Ciononostante, anche nella virtualità monadica di Internet, la società attuale mantiene molteplici realtà nettamente divise e incatenate a stati di servitù sociale e politiche, ataviche e locali, ancora molto isolate e fossilizzate in dinamiche interne. In definitiva: ci siamo globalizzati però non necessariamente negli aspetti in cui la globalizzazione sarebbe più desiderabile. Paradossalmente ci troviamo in uno spiacevole punto intermedio: iperglobalizzati in aspetti forse non fondamentali, mentre al contrario continuiamo molto poco globalizzati (ipoglobalizzati) in quelli più necessari, vitali ed importanti.
Per ricondurre l’attuale situazione, paradossale e intermedia, è necessario che l’intera umanità si appropri coscientemente di questo potente e complesso processo qual è la globalizzazione.
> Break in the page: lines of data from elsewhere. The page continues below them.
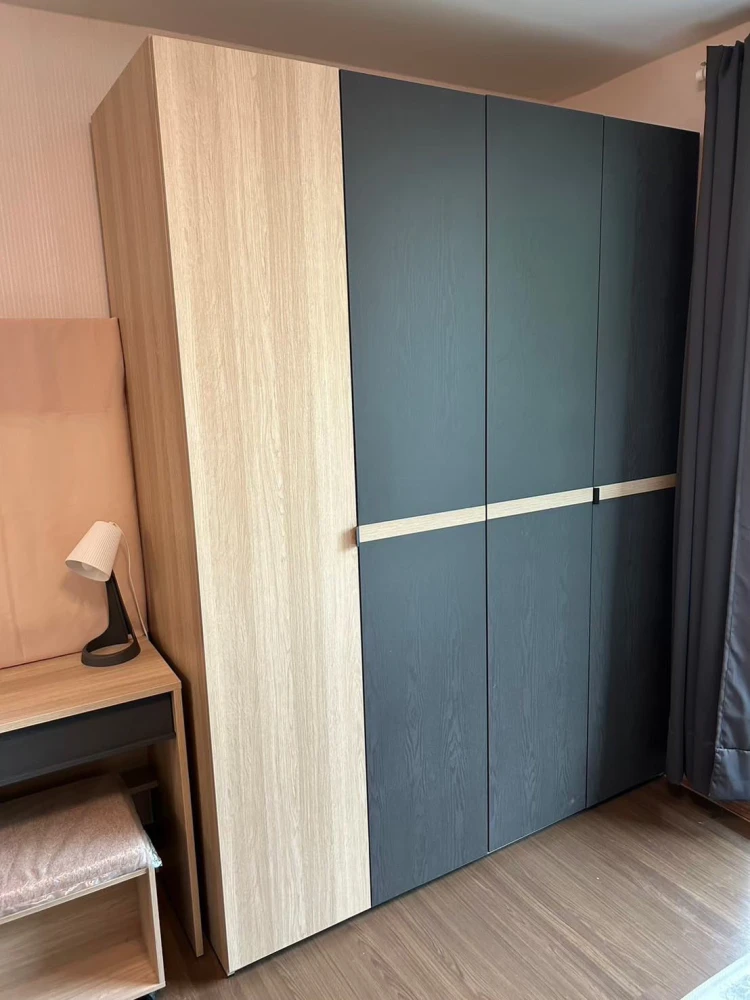 Plum Condo Paholyothin 89 for rent. Nice room, fully furnished with complete amenities. Book now!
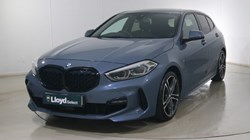 2020 (70) BMW 1 SERIES 118i M Sport 5dr Step Auto 5019204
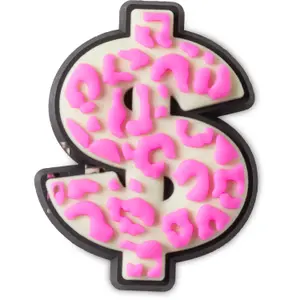 Jibbitz Crocs Glow In The Dark Cash Money image-0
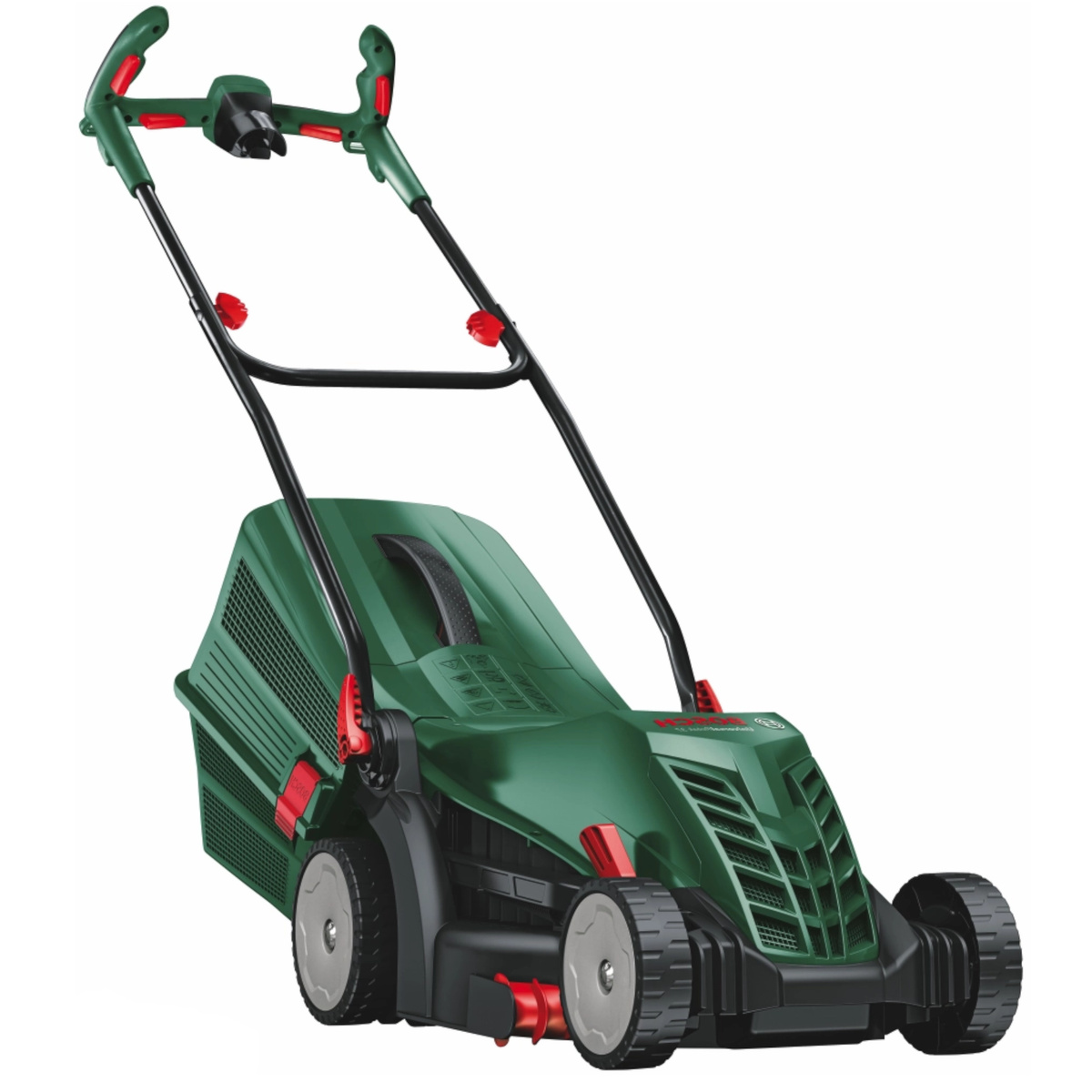 Bosch UniversalRotak 37-555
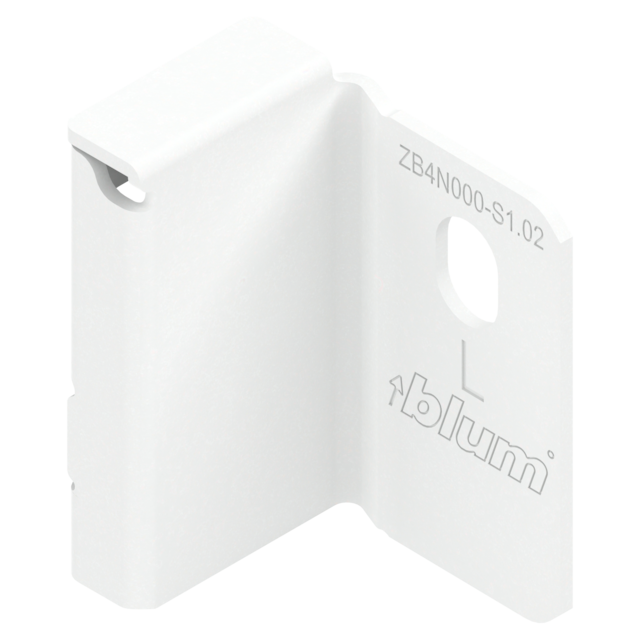 MERIVOBOX chipboard back fixing N
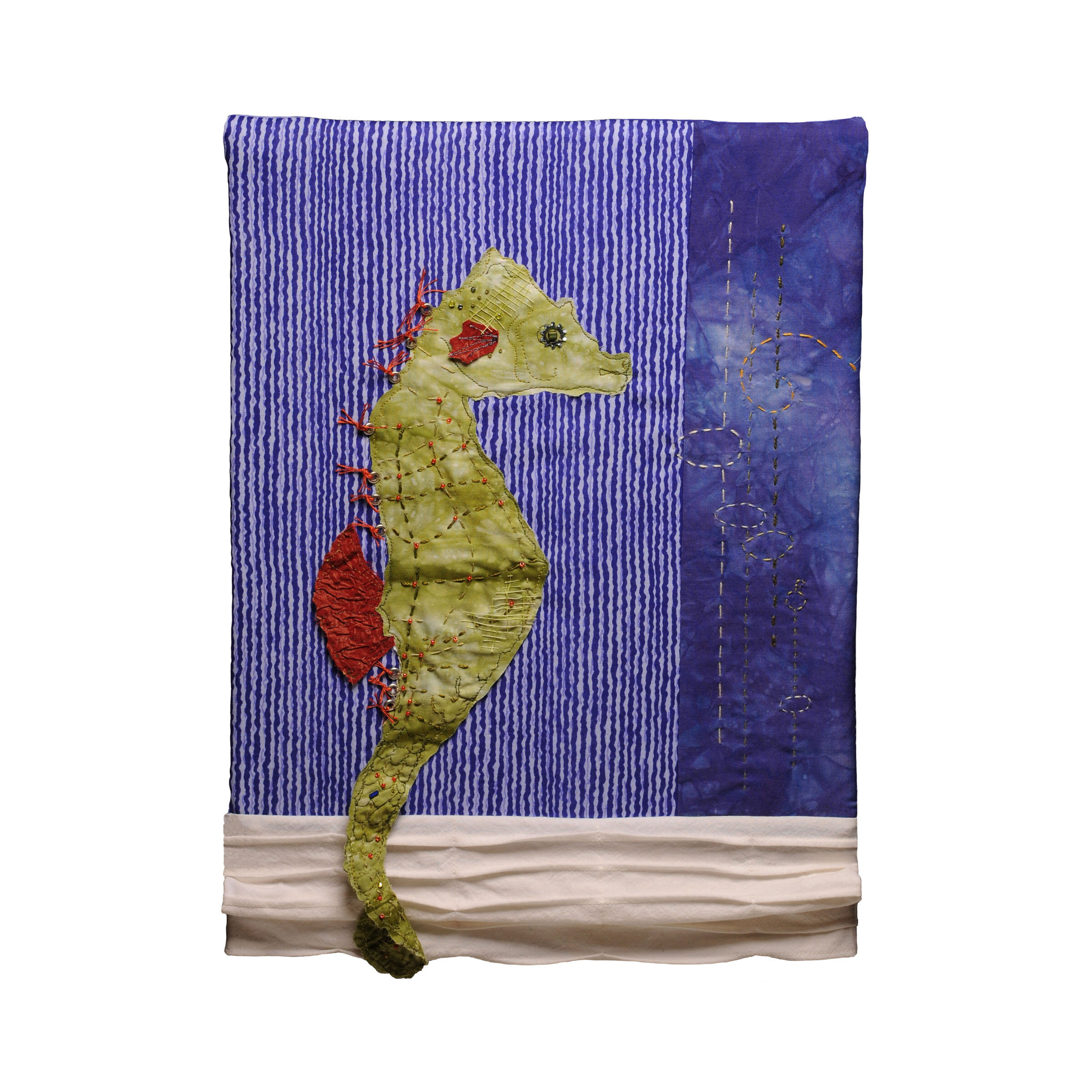 Sea horse-FIne Art Print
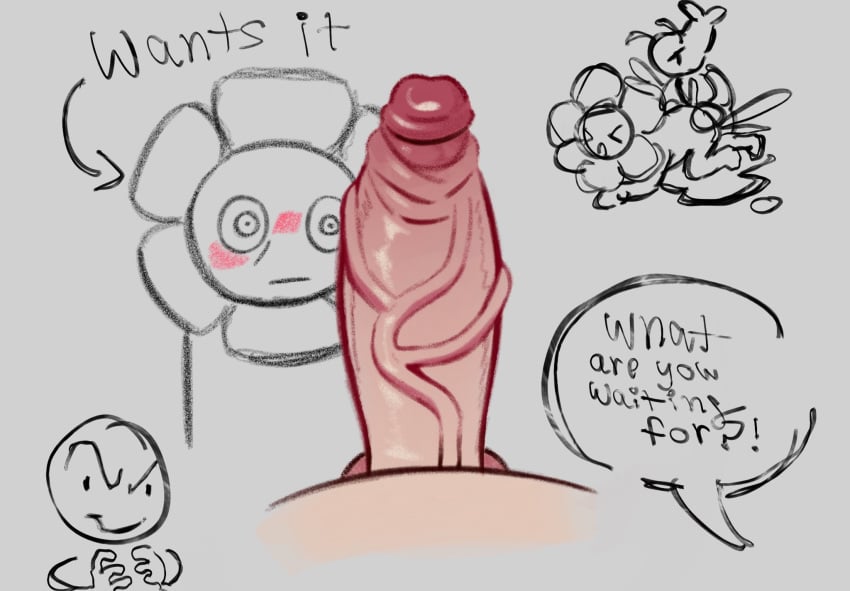 Dandy (Dandy'S World) Rule 34 Image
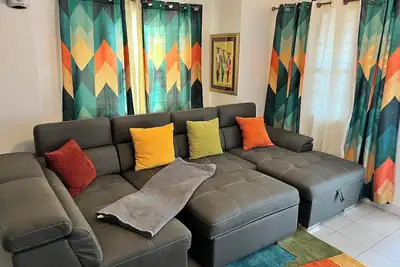 Image de Jevico Villa - Near Ocho Rios - Starlink - Solar - Gated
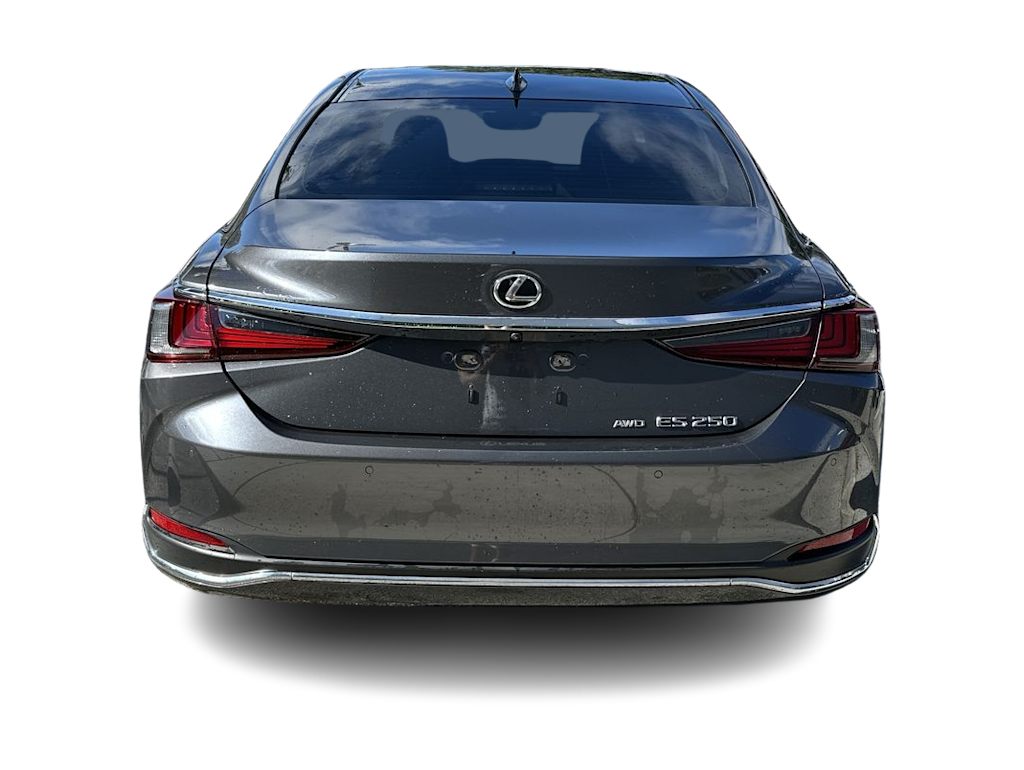 Thumbnail: 2023 Lexus ES - 5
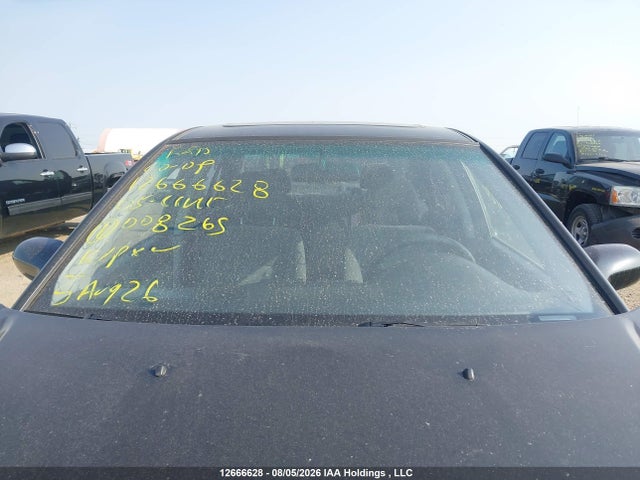 Продаж на аукціоні авто 2005 Honda Civic Lx-g, vin: 2HGES16605H008265, номер лоту: 12666628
Si devono trovare i meccanismi per i quali la globalizzazione non fallisca proprio nelle sfide in cui la convergenza di tutta l’umanità è più necessaria: l’aspettativa e la qualità di vita, gli effettivi diritti civili e politici della popolazione, l’estensione della conoscenza e delle capacità vitali o sociali.
In definitiva, è necessario decidere con cognizione di causa quando e in quali termini seguire il cammino dell’assoluta e monadica globalizzazione omogeneizzatrice, anche quando si debba accettare il cosiddetto «Pensiero Unico» che sta emergendo nelle ultime decadi. Allo stesso tempo bisogna poter decidere come e quando mantenere una globalizzazione «arcipelago» che rispetti le ricchezze culturali e civilizzatrici umane, intrecciandole creativamente in linea con un dialogo tra civiltà che eviti l’orizzonte predetto da Huntington (2005).